The Short Answer: What Makes a Good TSLA Covered Call This Week

The best covered call on TSLA this week is typically a 7-to-14-day, out-of-the-money call with a delta between 0.20 and 0.35, sold at a strike 5–10% above the current stock price. That setup captures TSLA's unusually high implied volatility — which inflates option premiums — while giving your shares room to run before you risk having them called away.

TSLA consistently ranks among the highest implied-volatility (IV) large-cap stocks on the market. That is good news for covered-call sellers: high IV means fatter premiums for the same strike distance. The trade-off is that TSLA can move 5–8% in a single session, so strike selection and risk management matter more here than on a slower-moving stock like KO or JNJ.
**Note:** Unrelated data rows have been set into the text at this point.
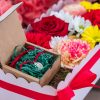 composizione in spugna di fiori freschi e gioiello in argento in scatola rosa con coperchio trasparente
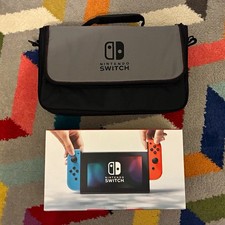 Nintendo Switch Console Handheld w/ Neon Red/Blue Joy-Con Dock Box & Carry Case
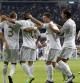 Los jugadores del Real Madrid celebran el gol de Benzema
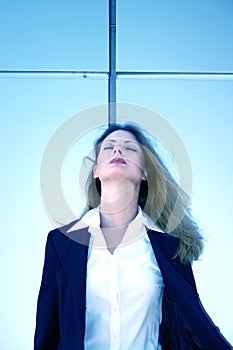 Businesswoman With Eyes Closed Leaning Back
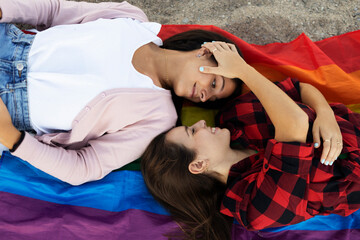A beautiful lesbian young couple embraces and holds a rainbow flag. Girls enjoy at the beach.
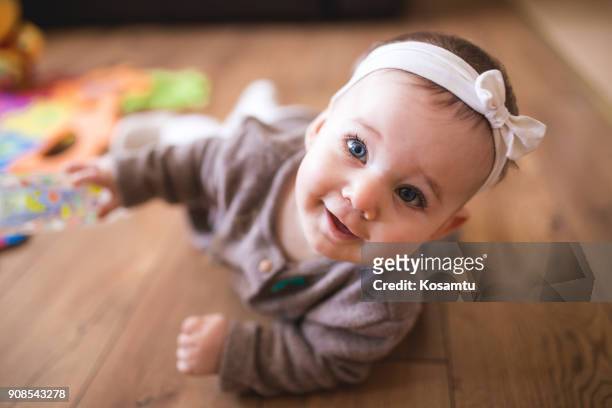 cute baby girl crawling in living room - baby girls stock pictures, royalty-free photos & images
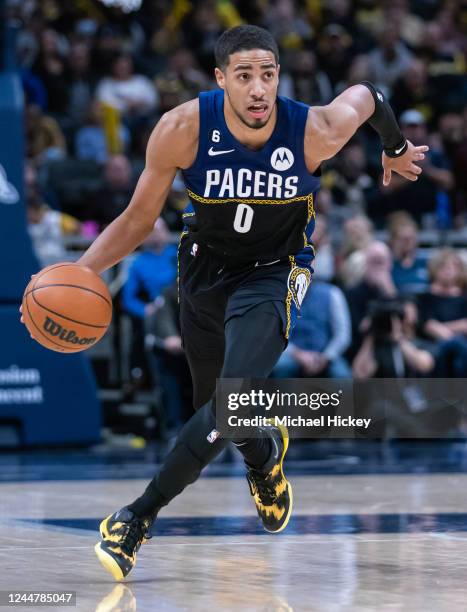 Tyrese Haliburton of the Indiana Pacers brings the ball up court against the Toronto Raptors at Gainbridge Fieldhouse on November 12, 2022 in...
Why TSLA's Volatility Changes the Covered-Call Math

Implied volatility (IV) is the market's forecast of how much a stock will move. The CBOE measures overall market IV through the VIX, but individual stocks carry their own IV levels. TSLA's 30-day IV regularly sits in the 55–80% range — two to three times the IV of a typical S&P 500 component.

Here is what that means in dollars. When IV is high, option sellers collect more premium for the same strike distance. A 10% out-of-the-money call on a low-IV stock might pay $0.30. The same percentage distance on TSLA might pay $3.00 or more. That is the core reason income traders are drawn to TSLA covered calls.

But high IV also signals that the market expects big moves. If TSLA gaps up 12% after an earnings surprise and your shares get called away at a strike that is now well below the market price, you miss that upside. The premium you collected does not make up for the lost gain. The Options Industry Council (OIC) describes this as 'capped upside' — the defining risk of any covered call strategy.

A Real Worked Example: Setting Up the Trade

Let's walk through a concrete setup using round numbers that reflect realistic TSLA pricing.

Assume TSLA is trading at $175 per share on a Monday morning. You own 100 shares (one standard contract). You want to sell a covered call expiring that Friday — a 5-day trade.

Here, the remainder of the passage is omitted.